The cylinder barrel in which the piston operates must be made of a high-strength material, usually steel. It must be as light as possible, yet have the proper characteristics for operating under high temperatures. It must be made of a good bearing material and have high tensile strength. The cylinder barrel is made of a steel alloy forging with the inner surface hardened to resist wear of the piston and the piston rings which bear against it. This hardening is usually done by exposing the steel to ammonia or cyanide gas while the steel is very hot. The steel soaks up nitrogen from the gas, which forms iron nitrides on the exposed surface. As a result of this process, the metal is said to be nitrided. This nitriding only penetrates into the barrel surface a few thousands of an inch. As the cylinder barrels wear due to use, they can be repaired by chroming. This is a process that plates chromium on the surface of the cylinder barrel and brings it back to new standard dimensions. Chromium-plated cylinders should use cast iron rings. Honing the cylinder walls is a process that brings it to the correct dimensions and provides crosshatch pattern for seating the piston rings during engine break-in. Some engine cylinder barrels are choked at the top, or they are smaller in diameter to allow for heat expansion and wear.
In some instances, the barrel has threads on the outside surface at one end so that it can be screwed into the cylinder head. The cooling fins are machined as an integral part of the barrel and have limits on repair and service.
Occasionally, it is necessary to refer to the left or right side of the engine or to a particular cylinder. Therefore, it is necessary to know the engine directions and how cylinders of an engine are numbered. The propeller shaft end of the engine is always the front end, and the accessory end is the rear end, regardless of how the engine is mounted in an aircraft. When referring to the right side or left side of an engine, always assume the view is from the rear or accessory end. As seen from this position, crankshaft rotation is referred to as either clockwise or counterclockwise.

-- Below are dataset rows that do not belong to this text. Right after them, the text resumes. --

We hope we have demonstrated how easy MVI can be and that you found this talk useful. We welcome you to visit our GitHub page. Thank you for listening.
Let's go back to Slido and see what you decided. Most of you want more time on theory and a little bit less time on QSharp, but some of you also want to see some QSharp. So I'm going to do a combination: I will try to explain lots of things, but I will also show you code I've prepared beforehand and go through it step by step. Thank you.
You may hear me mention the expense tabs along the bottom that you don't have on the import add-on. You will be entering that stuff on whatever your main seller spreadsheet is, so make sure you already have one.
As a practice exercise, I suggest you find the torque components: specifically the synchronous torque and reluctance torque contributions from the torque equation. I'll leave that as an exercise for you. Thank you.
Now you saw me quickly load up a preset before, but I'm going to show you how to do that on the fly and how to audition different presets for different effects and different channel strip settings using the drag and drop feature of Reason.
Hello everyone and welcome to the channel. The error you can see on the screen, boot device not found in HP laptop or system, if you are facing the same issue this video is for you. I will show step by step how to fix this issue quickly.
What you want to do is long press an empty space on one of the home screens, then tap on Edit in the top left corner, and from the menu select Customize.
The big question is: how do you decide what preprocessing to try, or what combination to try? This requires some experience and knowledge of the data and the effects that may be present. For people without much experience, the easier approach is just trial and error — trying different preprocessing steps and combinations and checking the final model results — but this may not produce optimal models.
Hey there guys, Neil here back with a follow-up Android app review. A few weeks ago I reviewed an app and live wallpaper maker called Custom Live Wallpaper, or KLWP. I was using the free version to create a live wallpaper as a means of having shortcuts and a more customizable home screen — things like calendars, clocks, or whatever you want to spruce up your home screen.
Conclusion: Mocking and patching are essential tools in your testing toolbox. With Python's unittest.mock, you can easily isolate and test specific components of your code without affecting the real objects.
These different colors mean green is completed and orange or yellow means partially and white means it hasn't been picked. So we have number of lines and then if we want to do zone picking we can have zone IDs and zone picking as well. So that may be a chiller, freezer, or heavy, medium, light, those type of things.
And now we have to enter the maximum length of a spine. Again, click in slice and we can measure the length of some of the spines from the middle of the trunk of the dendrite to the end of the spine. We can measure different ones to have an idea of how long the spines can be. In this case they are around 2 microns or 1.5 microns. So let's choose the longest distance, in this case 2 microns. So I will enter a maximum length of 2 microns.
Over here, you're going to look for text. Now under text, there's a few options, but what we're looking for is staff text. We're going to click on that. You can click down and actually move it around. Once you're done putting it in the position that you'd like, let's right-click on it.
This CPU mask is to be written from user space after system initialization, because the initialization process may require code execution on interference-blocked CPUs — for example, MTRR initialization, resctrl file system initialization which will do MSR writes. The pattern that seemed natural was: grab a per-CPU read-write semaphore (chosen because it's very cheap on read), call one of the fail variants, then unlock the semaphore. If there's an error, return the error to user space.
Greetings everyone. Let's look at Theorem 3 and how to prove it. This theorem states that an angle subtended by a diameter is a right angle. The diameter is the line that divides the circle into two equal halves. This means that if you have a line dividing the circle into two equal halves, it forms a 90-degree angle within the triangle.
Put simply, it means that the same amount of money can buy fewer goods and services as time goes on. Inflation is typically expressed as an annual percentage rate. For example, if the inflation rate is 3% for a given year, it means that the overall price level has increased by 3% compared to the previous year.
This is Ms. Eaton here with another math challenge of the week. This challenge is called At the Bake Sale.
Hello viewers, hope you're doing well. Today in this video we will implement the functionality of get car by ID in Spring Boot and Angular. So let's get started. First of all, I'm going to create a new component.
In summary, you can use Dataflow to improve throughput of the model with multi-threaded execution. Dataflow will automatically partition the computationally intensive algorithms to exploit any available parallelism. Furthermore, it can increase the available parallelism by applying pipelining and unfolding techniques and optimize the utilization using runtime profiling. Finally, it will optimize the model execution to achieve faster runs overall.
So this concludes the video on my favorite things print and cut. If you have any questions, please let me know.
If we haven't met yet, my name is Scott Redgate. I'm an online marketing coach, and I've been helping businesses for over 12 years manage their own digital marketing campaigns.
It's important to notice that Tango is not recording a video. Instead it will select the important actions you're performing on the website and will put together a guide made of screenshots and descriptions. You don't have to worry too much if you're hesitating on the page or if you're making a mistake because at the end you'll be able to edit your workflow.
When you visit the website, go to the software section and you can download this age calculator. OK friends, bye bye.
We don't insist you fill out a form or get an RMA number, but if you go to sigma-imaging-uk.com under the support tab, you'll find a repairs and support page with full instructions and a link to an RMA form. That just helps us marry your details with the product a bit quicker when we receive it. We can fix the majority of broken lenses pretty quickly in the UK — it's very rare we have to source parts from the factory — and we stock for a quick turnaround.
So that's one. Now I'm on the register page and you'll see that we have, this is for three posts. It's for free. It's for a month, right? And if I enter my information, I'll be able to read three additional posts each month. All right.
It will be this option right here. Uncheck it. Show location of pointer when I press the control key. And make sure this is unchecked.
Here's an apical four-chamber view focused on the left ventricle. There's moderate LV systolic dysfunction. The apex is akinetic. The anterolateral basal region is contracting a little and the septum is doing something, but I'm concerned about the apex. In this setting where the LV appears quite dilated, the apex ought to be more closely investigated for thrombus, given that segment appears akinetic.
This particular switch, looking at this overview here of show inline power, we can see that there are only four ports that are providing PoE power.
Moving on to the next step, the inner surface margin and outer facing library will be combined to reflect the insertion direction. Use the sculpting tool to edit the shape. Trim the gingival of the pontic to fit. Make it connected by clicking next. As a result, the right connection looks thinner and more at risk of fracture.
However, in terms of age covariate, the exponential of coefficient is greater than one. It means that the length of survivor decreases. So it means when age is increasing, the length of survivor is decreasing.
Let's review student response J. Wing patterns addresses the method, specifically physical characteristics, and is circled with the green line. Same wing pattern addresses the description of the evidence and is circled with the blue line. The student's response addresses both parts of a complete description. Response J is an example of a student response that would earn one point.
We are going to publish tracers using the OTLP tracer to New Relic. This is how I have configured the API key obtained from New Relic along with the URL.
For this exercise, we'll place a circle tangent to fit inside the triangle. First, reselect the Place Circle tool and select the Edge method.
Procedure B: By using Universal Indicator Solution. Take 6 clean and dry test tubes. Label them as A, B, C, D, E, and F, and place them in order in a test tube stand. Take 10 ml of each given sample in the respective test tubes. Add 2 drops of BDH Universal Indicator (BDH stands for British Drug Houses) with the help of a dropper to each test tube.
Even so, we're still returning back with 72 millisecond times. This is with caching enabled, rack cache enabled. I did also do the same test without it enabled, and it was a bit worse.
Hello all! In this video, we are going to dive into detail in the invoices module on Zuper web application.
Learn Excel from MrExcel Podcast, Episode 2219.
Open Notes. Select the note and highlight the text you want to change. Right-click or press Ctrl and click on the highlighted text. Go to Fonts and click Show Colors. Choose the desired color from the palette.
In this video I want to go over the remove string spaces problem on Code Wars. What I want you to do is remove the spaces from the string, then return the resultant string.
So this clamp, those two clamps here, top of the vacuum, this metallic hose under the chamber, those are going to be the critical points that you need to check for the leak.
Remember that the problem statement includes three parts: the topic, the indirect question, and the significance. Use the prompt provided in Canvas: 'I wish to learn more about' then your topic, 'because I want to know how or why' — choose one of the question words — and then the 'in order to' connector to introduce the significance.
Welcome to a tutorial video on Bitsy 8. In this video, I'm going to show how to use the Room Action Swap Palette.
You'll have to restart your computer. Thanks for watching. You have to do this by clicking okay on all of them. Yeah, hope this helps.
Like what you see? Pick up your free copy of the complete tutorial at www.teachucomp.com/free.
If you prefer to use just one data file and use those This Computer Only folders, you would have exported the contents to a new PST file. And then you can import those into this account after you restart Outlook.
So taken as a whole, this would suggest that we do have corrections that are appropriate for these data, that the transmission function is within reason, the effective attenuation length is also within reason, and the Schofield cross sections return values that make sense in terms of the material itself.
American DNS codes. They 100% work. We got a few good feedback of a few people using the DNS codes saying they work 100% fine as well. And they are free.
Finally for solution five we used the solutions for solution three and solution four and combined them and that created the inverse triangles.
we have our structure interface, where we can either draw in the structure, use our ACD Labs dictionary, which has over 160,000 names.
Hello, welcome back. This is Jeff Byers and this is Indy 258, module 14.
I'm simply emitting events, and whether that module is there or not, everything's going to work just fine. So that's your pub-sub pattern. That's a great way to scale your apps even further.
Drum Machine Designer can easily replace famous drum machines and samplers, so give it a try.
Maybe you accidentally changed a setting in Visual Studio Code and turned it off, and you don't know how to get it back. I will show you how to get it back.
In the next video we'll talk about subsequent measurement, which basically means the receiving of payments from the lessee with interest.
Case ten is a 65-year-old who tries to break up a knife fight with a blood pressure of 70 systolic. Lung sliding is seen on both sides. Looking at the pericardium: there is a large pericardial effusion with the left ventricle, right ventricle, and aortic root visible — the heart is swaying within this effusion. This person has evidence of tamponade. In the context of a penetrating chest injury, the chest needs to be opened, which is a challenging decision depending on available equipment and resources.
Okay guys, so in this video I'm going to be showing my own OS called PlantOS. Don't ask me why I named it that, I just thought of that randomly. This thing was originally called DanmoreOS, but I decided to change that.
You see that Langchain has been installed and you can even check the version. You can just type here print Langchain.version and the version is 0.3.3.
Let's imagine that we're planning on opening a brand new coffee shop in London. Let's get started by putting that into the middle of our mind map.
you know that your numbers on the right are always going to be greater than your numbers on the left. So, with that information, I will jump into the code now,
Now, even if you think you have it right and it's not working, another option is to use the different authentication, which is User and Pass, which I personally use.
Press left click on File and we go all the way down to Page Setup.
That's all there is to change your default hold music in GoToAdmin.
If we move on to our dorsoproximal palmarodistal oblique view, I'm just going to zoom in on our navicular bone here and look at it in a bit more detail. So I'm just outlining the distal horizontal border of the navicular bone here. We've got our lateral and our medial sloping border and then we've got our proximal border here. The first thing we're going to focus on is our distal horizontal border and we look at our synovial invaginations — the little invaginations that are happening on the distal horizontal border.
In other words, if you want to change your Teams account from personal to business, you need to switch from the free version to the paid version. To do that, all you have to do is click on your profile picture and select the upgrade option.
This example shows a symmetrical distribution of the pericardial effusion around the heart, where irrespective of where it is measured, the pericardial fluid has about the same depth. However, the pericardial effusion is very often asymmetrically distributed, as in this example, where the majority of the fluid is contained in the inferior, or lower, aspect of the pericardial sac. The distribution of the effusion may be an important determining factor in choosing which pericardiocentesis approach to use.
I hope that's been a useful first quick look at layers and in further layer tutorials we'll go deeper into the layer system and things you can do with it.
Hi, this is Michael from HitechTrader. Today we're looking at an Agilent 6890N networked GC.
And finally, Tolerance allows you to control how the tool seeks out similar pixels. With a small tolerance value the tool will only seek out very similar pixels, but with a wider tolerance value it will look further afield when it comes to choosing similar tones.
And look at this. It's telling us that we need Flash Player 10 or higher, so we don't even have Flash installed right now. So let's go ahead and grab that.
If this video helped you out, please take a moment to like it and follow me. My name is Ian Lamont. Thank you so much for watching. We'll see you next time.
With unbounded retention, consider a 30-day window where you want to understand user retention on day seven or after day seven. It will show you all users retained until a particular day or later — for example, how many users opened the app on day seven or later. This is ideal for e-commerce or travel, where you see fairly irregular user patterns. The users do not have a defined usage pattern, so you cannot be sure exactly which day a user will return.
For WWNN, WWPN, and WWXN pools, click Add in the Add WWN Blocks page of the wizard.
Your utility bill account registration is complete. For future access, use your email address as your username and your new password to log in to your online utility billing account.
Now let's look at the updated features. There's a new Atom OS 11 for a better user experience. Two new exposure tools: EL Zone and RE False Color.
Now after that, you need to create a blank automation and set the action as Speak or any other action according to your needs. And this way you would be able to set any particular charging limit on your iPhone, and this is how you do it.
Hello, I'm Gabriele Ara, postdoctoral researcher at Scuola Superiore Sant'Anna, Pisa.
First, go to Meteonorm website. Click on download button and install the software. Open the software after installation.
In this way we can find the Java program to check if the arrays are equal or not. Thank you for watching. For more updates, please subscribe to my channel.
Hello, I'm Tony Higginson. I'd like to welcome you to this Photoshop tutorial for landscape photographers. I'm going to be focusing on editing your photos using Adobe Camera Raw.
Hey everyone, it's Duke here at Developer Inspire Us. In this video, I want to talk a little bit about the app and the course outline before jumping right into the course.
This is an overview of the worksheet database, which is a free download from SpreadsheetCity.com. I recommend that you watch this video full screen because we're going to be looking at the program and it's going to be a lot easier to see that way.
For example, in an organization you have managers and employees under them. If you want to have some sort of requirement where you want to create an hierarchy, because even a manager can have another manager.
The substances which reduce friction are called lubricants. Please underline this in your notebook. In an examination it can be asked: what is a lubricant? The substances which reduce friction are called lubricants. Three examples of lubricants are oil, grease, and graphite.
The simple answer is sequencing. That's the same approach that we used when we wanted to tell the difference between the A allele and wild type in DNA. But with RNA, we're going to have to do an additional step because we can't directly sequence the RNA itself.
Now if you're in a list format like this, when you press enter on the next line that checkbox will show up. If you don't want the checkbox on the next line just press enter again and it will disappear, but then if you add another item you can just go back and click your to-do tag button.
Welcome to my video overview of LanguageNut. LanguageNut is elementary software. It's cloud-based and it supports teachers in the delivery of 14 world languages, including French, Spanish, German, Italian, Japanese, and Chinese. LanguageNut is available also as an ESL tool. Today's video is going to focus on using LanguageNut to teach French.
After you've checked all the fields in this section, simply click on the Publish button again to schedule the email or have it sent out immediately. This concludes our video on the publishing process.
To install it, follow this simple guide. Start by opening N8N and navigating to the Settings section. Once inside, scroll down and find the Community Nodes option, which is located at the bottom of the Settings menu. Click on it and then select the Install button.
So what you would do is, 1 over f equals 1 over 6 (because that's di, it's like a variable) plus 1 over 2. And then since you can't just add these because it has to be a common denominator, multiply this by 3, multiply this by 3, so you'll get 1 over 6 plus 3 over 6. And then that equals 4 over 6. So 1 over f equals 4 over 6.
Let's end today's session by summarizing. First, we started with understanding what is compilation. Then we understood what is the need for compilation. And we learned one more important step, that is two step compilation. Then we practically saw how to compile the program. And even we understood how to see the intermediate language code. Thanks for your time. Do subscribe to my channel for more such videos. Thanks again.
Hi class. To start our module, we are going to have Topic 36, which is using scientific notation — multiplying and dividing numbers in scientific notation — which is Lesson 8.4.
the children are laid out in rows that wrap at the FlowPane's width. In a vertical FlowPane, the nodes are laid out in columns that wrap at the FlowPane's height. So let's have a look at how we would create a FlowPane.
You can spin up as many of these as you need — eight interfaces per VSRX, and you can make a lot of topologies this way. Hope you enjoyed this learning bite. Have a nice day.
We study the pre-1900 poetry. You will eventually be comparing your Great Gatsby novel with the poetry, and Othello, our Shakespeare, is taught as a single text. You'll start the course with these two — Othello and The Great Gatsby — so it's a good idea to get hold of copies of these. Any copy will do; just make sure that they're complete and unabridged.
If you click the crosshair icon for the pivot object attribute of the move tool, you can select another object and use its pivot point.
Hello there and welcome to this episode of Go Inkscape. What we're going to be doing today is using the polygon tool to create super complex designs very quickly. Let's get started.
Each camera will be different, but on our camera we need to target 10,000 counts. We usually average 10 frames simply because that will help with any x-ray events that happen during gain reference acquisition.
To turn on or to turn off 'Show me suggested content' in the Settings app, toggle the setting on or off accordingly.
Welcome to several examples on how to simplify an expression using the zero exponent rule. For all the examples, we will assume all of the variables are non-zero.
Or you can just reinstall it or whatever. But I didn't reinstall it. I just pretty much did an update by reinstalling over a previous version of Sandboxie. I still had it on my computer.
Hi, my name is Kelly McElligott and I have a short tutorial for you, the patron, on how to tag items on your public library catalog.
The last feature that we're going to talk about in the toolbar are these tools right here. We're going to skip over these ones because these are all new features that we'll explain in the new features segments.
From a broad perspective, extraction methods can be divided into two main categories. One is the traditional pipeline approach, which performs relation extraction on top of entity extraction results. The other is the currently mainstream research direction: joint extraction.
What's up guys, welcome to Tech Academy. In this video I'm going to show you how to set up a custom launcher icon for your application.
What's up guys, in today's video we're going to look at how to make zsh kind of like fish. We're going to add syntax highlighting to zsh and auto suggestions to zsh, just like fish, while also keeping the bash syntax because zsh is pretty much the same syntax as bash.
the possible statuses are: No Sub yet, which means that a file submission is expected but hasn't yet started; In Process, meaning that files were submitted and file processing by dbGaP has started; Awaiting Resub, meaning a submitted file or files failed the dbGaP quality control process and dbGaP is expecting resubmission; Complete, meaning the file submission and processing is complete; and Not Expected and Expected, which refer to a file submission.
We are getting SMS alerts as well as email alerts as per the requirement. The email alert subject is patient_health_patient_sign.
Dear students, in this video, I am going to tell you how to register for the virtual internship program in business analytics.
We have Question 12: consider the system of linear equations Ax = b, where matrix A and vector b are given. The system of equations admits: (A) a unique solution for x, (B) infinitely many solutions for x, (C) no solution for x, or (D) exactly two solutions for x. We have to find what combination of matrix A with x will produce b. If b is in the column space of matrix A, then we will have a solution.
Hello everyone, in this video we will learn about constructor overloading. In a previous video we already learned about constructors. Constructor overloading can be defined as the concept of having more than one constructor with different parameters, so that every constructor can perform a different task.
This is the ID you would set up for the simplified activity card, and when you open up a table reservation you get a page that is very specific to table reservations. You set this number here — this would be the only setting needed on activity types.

Inline and V-type engine cylinders are usually numbered from the rear. In V-engines, the cylinder banks are known as the right bank and the left bank, as viewed from the accessory end. [Figure 1-19] The cylinder numbering of the opposed engine shown begins with the right rear as No. 1 and the left rear as No. 2. The one forward of No. 1 is No. 3; the one forward of No. 2 is No. 4, and so on. The numbering of opposed engine cylinders is by no means standard. Some manufacturers number their cylinders from the rear and others from the front of the engine. Always refer to the appropriate engine manual to determine the numbering system used by that manufacturer.
Single-row radial engine cylinders are numbered clockwise when viewed from the rear. Cylinder No. 1 is the top cylinder. In double-row engines, the same system is used. The No. 1 cylinder is the top one in the rear row. No. 2 cylinder is the first one clockwise from No. 1, but No. 2 is in the front row. No. 3 cylinder is the next one clockwise to No. 2, but is in the rear row. Thus, all odd-numbered cylinders are in the rear row, and all even-numbered cylinders are in the front row.